Work order: Every line of the material needs an exact copy, apart from the images.

Source data:
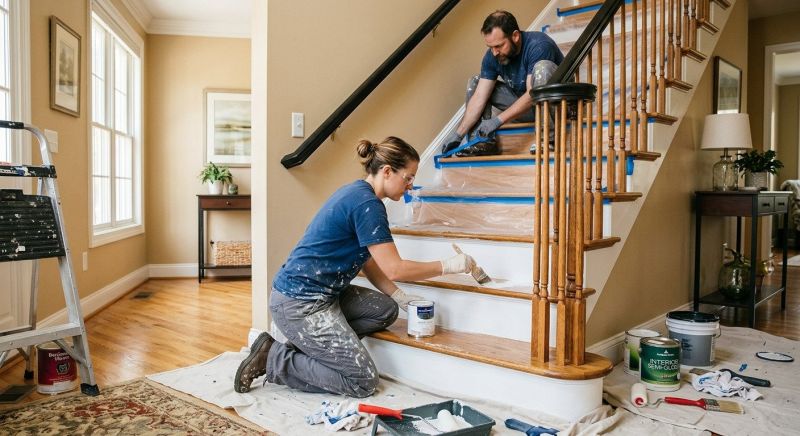 Basement Stairs Painting in Waco, TX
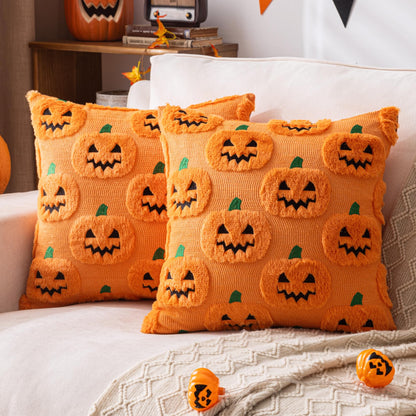 AQOTHES Halloween White Smile Ghost Throw Pillow Covers 18x18 inch Set of 2, Cute Skeleton Pillowcases Holiday Cushions Covers for Halloween Decorations Indoor Home Sofa Couch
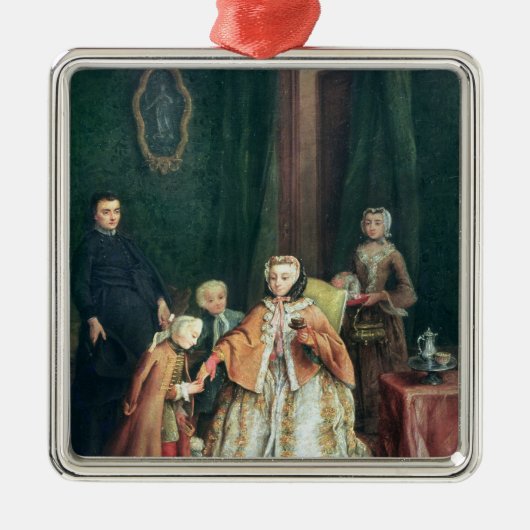 Het zoenen van de hand metalen ornament (Voorkant)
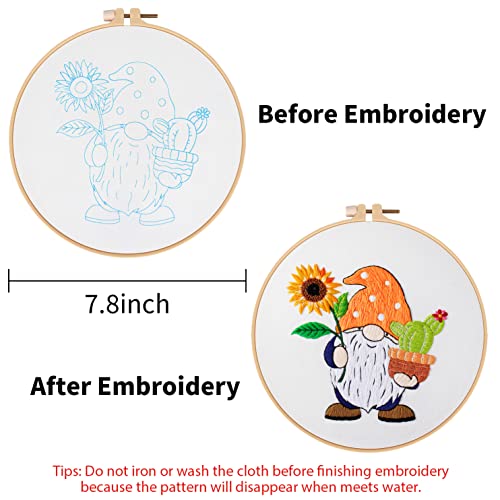 Nuberlic Embroidery Kit for Beginners Adults with Gnome Pattern - color: Kit 1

Solved problem:
 Basement Stairs Painting in Waco, TX
 AQOTHES Halloween White Smile Ghost Throw Pillow Covers 18x18 inch Set of 2, Cute Skeleton Pillowcases Holiday Cushions Covers for Halloween Decorations Indoor Home Sofa Couch
 Het zoenen van de hand metalen ornament (Voorkant)
 Nuberlic Embroidery Kit for Beginners Adults with Gnome Pattern - color: Kit 1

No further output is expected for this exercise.